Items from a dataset
___

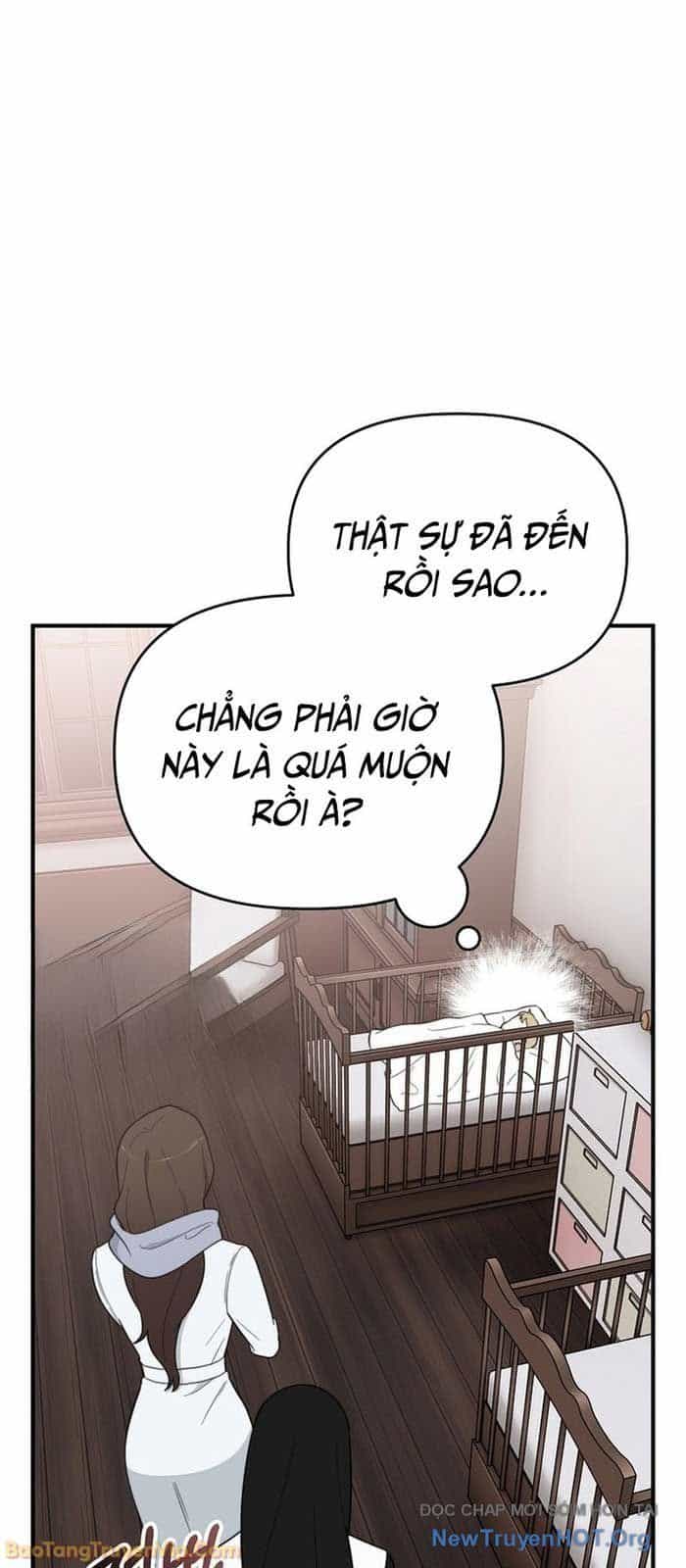 0 Tuổi Đã Là Ngôi Sao Hạng A - Chương 4 - ảnh 13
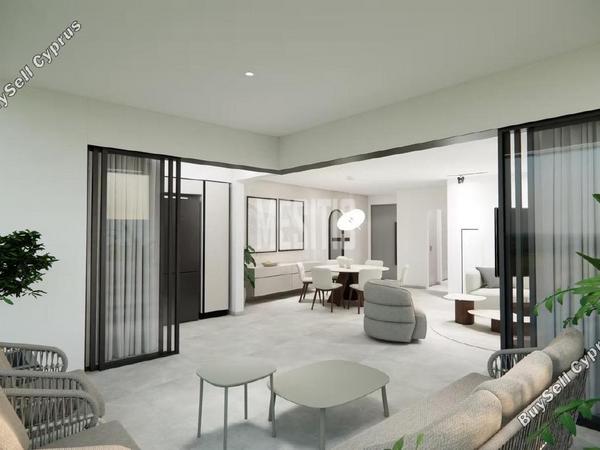 2 bedroom apartment for sale strovolos nicosia 8693420 image 16181160
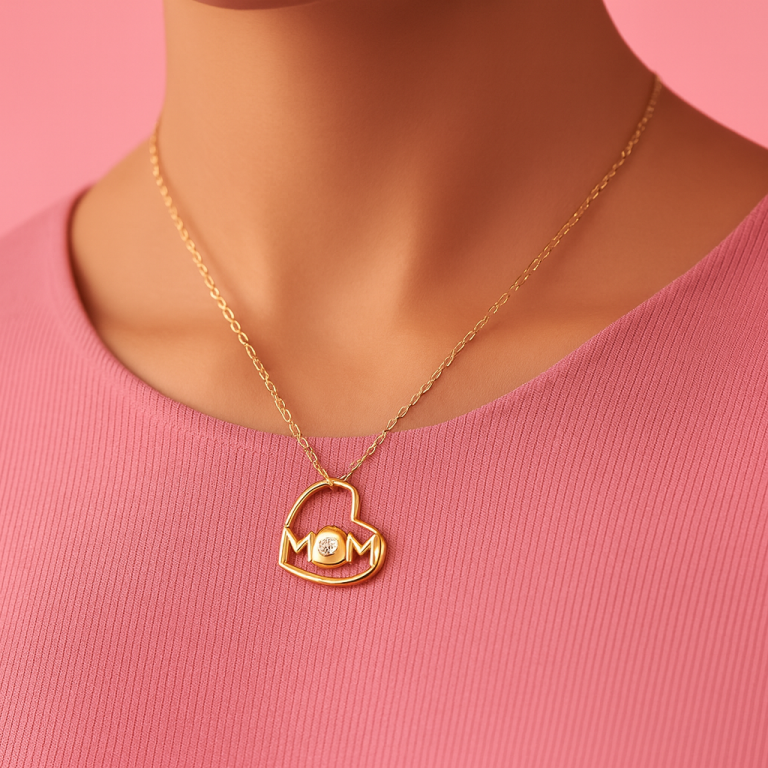 ChatGPT_Image_10_sept_2025_05_34_42_pm_2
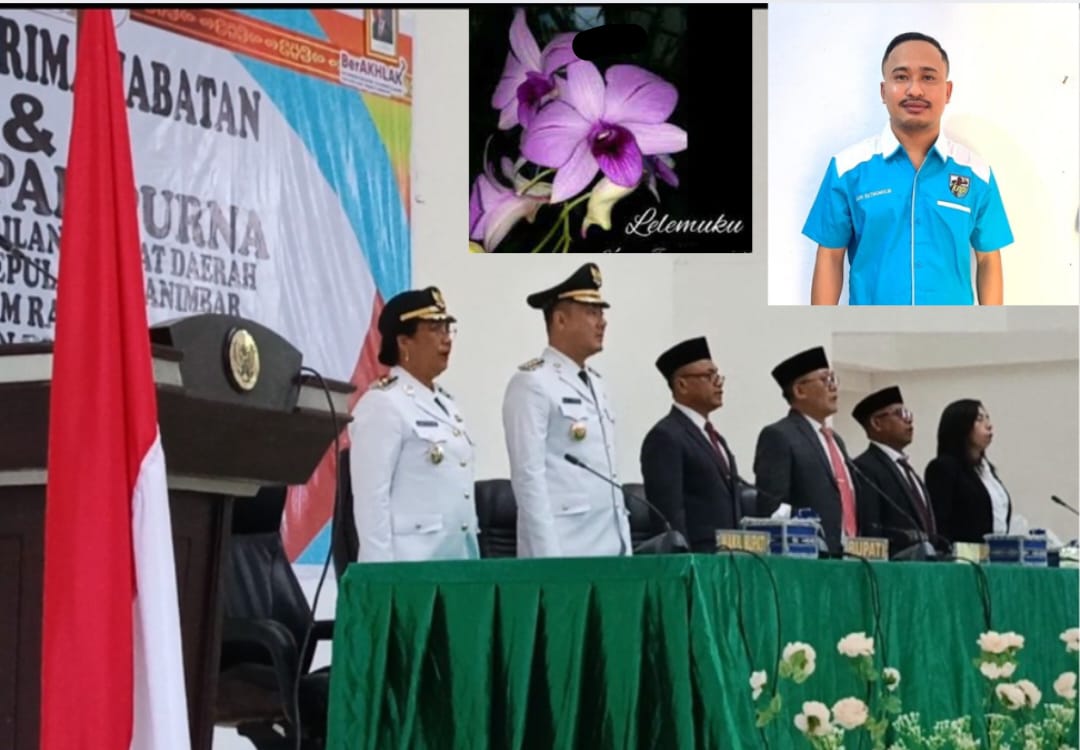 7806d1d9-2a01-4f5c-9c0d-3f8aee6785a3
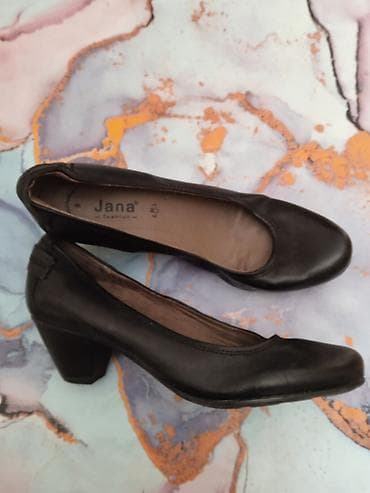 sabo 39 40: Qadın ayaqqabıları dəsti 1) Bama markalı gündəlik balerina tipli — 10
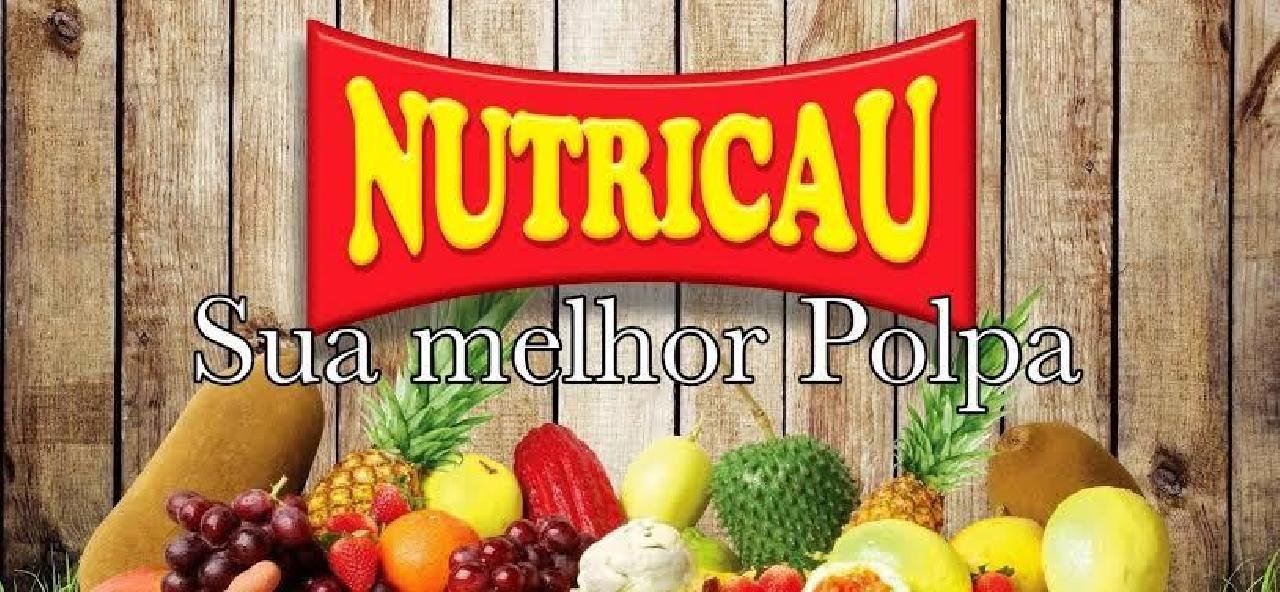 NUTRICAU OFERECE VAGAS DE EMPREGO PARA ILHÉUS E ITABUNA 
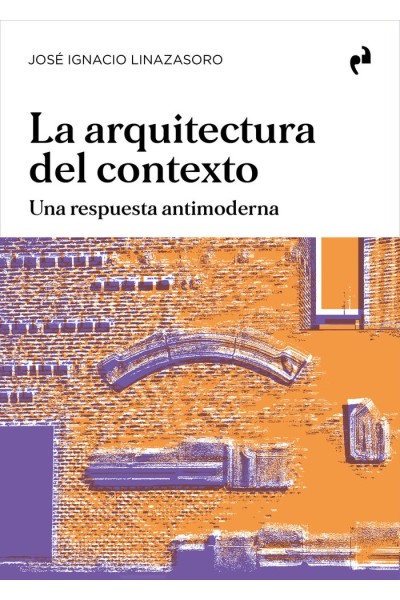ARQUITECTURA DEL CONTEXTO,LA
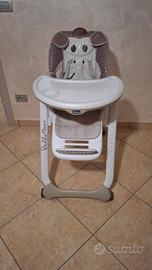 Sediolone chicco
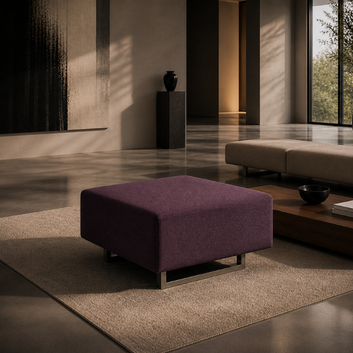 Ethan Stool Consumer BAFCO
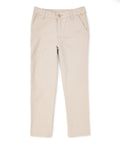 unikinc - Girls' Uniform Pants - Unikinc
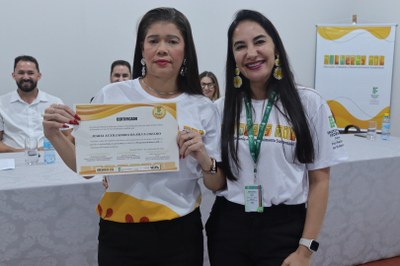 Cuidadora de Idoso_2.JPG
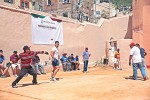 contra-la-jornada-zacatecas-rebote-1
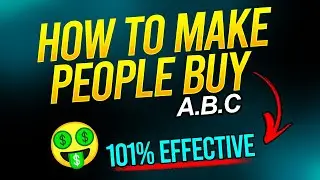 How to Sell Affiliate Products Online For Beginners (What You Should Be Doing)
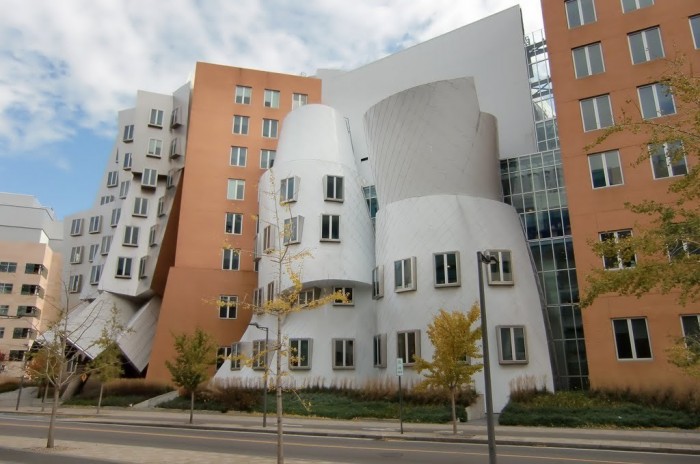 Top 10 Public and Private Engineering Colleges in the World 21 60540870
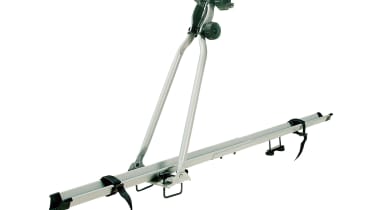 cruz bici rack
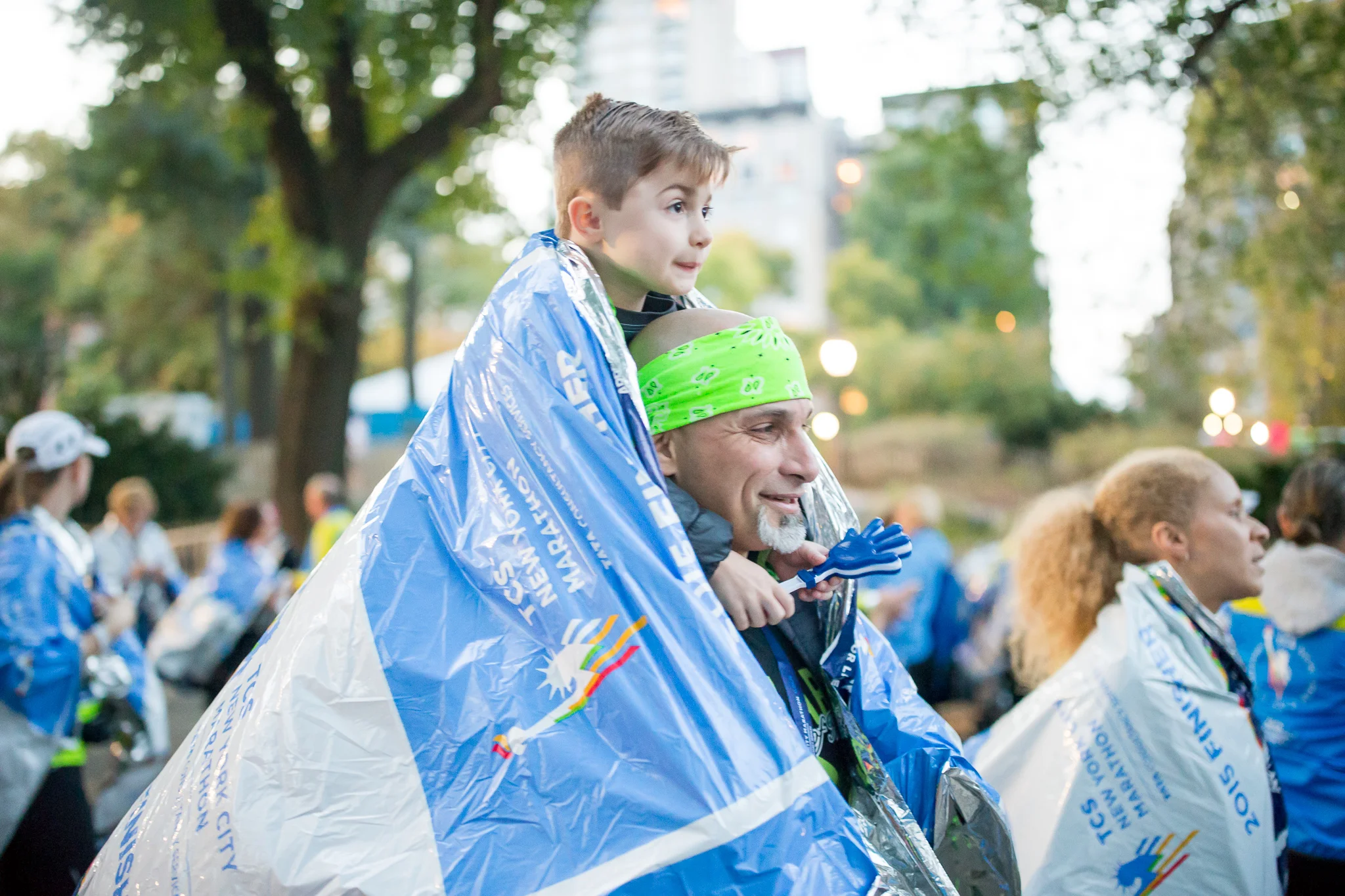 nycm_portfolio_webres_044.jpg
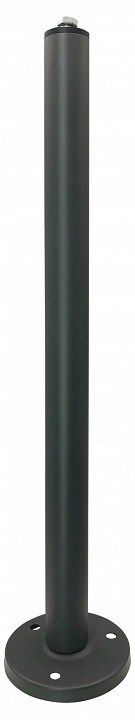 Основание Arlight ALT-POLE-BASE 032540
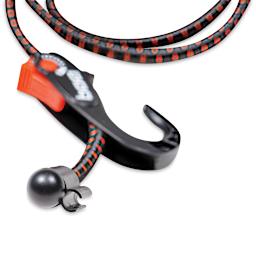 UpCart Bungee Cords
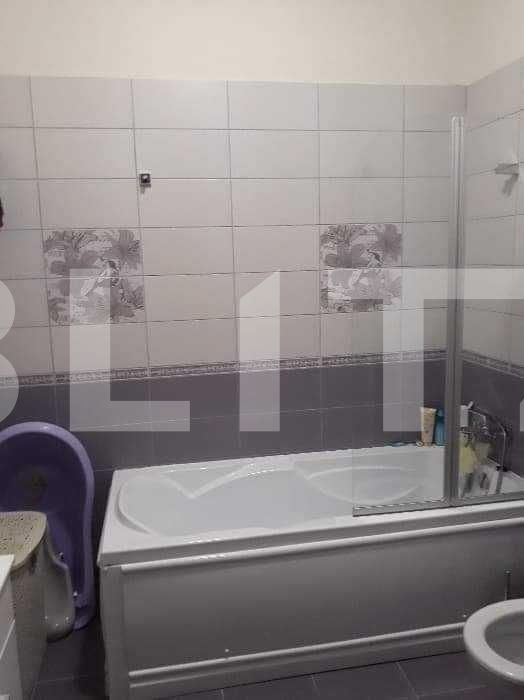 Apartament de închiriat 2 camere Central - 77064AI | BLITZ Cluj-Napoca | Poza6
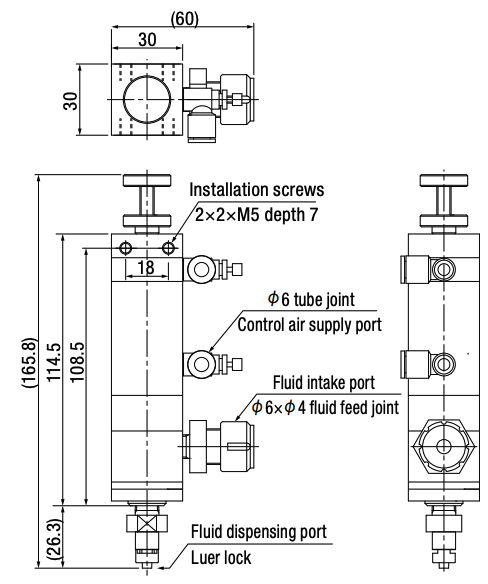 size-needle-control-valve-musashi-mini-val-ncv-70v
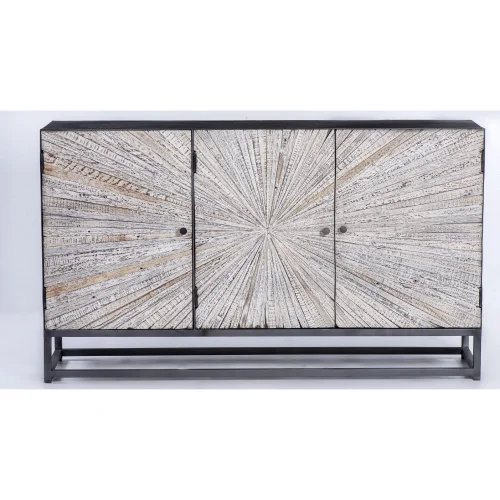dynamichomedecor-93979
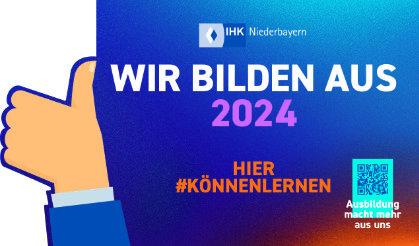 IHK-Auszeichnung 2024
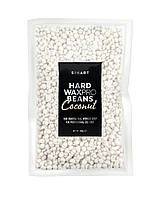 Віск у гранулах для брів і обличчя «Sinart», 500 г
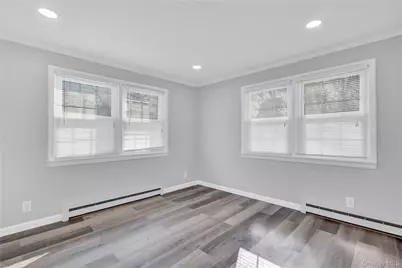 81 Oakside Road, Smithtown, NY 11787 - Photo 13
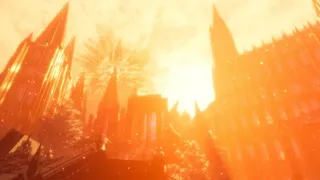 Скриншот 1 к игре DESOLUS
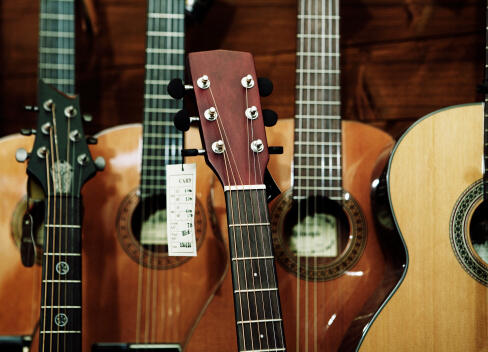 el instrumento Musical Universal, con el cual  muchos aprenden y se enamoran de la música.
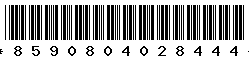 8590804028444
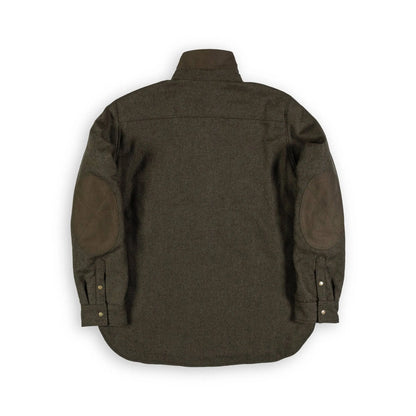 Farallon Insulated Shirt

___

The problem:
Copy word for word the span of the records above that begins at the line with "contra-la-jornada-zacatecas-rebote-1" and ends at the line with "nycm_portfolio_webres_044.jpg", including those two lines but not the pictures.

Solution to this task:
 contra-la-jornada-zacatecas-rebote-1
 How to Sell Affiliate Products Online For Beginners (What You Should Be Doing)
 Top 10 Public and Private Engineering Colleges in the World 21 60540870
 cruz bici rack
 nycm_portfolio_webres_044.jpg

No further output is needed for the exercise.